La ripartizione dell’onere probatorio e la rilevanza del nesso causale nell’azione di responsabilità

Chi agisce per il risarcimento del danno deve allegare e provare l’esistenza di un danno attuale e concreto, cioè – nel contesto di un’azione di responsabilità nei confronti dell’amministratore – il depauperamento del patrimonio sociale, di cui si chiede il ristoro, e la riconducibilità della lesione al fatto dell’amministratore inadempiente. Incombe viceversa sull’amministratore l’onere di dimostrare la non imputabilità a sé del fatto dannoso, fornendo la prova positiva, con riferimento agli addebiti contestati, dell’osservanza dei doveri e dell’adempimento degli obblighi a lui imposti. È pacificamente accolto in giurisprudenza il principio del superamento della ricostruzione della fattispecie risarcitoria in termini di danno-evento, essendo infatti privilegiata l’opzione ermeneutica fondata sul concetto di danno-conseguenza.

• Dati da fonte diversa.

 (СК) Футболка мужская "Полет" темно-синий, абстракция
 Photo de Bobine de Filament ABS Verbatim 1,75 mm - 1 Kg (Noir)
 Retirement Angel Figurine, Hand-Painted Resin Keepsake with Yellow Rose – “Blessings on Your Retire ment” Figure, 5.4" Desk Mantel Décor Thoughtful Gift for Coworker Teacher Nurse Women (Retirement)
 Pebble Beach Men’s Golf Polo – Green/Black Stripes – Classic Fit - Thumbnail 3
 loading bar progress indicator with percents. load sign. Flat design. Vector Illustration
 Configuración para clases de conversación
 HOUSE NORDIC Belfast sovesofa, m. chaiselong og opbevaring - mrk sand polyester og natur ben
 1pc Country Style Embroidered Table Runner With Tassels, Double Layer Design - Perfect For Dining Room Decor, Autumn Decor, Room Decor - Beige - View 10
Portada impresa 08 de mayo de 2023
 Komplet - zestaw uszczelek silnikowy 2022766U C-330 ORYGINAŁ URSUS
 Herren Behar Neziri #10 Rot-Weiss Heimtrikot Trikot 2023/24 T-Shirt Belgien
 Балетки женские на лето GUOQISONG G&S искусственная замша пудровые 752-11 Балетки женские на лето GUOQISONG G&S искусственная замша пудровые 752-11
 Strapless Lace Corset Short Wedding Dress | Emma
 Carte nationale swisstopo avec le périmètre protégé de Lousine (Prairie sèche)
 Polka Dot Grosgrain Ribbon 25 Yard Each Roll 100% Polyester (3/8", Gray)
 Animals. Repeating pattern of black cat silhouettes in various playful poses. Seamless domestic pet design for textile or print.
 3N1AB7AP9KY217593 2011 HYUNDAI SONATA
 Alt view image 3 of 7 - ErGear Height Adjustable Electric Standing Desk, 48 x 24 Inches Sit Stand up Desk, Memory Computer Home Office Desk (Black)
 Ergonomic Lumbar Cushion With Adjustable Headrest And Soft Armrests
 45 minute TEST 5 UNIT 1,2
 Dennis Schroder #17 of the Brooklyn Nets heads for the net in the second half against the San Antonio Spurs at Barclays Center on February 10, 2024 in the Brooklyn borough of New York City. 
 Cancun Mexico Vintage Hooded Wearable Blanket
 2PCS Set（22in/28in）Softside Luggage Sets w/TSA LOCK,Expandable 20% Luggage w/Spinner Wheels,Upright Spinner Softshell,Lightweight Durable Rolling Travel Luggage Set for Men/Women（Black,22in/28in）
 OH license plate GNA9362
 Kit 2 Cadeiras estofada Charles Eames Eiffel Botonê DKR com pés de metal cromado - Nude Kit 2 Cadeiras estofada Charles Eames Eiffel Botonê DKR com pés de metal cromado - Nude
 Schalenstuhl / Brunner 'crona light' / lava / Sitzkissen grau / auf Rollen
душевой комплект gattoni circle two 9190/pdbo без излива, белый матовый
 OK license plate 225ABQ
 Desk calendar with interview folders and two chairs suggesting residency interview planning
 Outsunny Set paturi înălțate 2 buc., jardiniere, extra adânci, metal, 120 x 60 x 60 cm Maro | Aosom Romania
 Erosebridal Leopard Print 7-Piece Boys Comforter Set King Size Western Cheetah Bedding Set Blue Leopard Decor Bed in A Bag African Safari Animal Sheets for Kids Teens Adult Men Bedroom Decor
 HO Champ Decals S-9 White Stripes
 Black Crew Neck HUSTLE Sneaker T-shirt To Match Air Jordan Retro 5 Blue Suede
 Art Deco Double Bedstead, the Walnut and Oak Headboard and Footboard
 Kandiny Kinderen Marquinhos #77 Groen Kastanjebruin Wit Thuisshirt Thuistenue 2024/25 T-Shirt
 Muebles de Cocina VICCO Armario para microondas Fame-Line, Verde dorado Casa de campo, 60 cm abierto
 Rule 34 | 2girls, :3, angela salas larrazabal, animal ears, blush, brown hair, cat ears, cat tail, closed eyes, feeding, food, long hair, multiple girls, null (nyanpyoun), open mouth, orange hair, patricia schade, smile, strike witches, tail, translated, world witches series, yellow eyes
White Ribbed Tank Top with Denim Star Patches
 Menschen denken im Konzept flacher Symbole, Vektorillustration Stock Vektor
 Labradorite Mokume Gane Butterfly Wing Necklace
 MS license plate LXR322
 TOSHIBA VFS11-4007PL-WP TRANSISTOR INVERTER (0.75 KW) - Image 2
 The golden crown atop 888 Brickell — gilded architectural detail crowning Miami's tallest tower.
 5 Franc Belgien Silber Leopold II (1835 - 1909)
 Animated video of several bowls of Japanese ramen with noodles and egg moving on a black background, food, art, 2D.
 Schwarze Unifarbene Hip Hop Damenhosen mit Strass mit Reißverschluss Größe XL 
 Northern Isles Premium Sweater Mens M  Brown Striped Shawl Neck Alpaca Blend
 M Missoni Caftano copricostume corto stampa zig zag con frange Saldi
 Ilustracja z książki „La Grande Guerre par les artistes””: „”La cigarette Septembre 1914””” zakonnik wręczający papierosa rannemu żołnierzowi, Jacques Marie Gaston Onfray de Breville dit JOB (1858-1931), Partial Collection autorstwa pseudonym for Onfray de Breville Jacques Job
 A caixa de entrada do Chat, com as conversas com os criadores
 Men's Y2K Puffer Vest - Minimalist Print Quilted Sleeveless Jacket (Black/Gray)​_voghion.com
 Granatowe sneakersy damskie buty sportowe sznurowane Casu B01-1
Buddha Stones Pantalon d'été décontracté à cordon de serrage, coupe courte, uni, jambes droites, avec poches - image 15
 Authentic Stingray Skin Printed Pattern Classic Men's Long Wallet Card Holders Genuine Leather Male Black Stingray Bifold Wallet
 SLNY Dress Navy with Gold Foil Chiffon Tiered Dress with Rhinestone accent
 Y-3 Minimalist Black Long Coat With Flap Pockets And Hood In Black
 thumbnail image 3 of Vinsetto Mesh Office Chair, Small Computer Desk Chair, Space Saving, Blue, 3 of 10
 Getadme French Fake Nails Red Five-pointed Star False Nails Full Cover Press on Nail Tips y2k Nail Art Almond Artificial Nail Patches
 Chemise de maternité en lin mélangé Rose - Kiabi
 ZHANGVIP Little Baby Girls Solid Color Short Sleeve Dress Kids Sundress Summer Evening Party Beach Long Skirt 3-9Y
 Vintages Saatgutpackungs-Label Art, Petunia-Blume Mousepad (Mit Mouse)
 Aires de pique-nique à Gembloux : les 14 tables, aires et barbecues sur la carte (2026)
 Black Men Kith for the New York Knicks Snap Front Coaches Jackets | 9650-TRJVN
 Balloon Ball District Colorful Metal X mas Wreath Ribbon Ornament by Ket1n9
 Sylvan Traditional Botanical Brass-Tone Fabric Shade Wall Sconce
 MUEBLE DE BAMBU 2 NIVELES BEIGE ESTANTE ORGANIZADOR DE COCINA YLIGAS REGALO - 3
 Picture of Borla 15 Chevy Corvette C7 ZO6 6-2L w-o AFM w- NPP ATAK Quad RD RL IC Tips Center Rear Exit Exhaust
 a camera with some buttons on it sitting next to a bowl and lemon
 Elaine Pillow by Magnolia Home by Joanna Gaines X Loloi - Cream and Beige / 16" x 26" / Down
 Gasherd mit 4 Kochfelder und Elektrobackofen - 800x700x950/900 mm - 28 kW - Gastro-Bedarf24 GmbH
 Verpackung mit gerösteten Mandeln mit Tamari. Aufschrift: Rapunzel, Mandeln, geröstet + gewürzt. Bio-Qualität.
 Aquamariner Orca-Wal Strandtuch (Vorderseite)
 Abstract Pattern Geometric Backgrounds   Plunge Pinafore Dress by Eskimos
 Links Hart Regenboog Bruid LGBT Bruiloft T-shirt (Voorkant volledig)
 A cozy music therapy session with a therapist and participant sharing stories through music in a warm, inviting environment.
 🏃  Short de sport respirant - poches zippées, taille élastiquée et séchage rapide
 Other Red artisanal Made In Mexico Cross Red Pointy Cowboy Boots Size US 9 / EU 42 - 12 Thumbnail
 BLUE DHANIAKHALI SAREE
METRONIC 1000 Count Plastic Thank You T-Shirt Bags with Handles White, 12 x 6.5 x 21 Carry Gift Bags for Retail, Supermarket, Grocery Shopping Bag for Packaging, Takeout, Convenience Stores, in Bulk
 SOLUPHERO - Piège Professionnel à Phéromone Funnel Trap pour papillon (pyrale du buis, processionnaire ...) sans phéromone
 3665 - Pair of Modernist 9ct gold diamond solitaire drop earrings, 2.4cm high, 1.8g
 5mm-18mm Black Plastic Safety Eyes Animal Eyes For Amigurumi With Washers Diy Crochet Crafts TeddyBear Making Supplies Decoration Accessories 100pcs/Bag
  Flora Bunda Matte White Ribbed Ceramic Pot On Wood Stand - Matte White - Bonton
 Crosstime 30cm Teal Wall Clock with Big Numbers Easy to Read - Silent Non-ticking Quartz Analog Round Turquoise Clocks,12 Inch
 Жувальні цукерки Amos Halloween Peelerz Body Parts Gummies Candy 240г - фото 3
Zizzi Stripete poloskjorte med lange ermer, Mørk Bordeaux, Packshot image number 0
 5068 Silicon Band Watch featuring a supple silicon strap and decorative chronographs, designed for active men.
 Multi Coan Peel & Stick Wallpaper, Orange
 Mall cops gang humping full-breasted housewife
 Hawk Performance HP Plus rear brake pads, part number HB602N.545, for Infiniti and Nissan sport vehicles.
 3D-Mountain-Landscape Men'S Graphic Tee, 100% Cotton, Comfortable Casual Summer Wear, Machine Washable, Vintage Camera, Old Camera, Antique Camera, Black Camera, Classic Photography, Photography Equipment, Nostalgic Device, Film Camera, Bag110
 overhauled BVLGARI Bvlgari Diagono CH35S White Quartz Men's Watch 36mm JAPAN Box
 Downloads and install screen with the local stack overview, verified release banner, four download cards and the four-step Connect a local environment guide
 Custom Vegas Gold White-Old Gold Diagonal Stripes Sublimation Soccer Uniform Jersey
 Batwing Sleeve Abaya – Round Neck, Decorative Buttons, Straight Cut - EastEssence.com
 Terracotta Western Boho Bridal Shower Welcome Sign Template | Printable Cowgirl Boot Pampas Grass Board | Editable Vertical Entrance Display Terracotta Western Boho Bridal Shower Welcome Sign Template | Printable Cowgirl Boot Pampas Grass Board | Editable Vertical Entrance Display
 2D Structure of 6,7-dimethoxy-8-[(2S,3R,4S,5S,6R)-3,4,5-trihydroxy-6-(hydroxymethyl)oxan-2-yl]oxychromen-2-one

Il riferimento al nesso causale, oltre a servire come parametro per l’accertamento della responsabilità risarcitoria degli amministratori, è quindi rilevante anche da un punto di vista oggettivo, in quanto consente, come regola generale, di limitare l’entità del risarcimento all’effettiva e diretta efficienza causale dell’inadempimento e quindi a porre a carico degli amministratori inadempienti solo il danno direttamente riconnesso alla loro condotta omissiva o commissiva.

10 Febbraio 2023

Sulla legittimazione attiva di socio e creditore in caso di Fallimento della società

A seguito del fallimento della società il socio che abbia promosso l’azione di responsabilità sociale nella qualità di sostituto processuale della società ai sensi dell’art. 2476, comma 3, c.c.. perde la legittimazione e così pure il singolo creditore che abbia proposto l’azione del creditore sociale nel mentre il fallimento è legittimato ad agire con l’azione ex art 146 l. fall., azione che “assorbe” sia l’ azione sociale sia azione dei creditori sociali quest’ultima configurandosi in costanza di procedura fallimentare, come azione “di massa”. Finché dura il fallimento non può “sopravvivere” la legittimazione del singolo creditore sociale all’azione dei creditori sociali restando salva solo la diversa azione, individuale e per danno “diretto” del terzo ex art 2476, comma 6 (ora 7), c.c. (azione non predicata nel caso di specie). Ne consegue che nel caso di giudizio di responsabilità già pendente verso l’organo amministrativo della società qualora intervenga il fallimento della società spetta solo al fallimento la decisione di proseguire con le azioni originariamente promosse accettando la causa nello stato in cui si trova con le eventuali preclusioni assertive ed istruttorie già maturate; in difetto di ciò la domanda va dichiarata improcedibile per il sopravvenuto difetto di legittimazione attiva degli originari attori.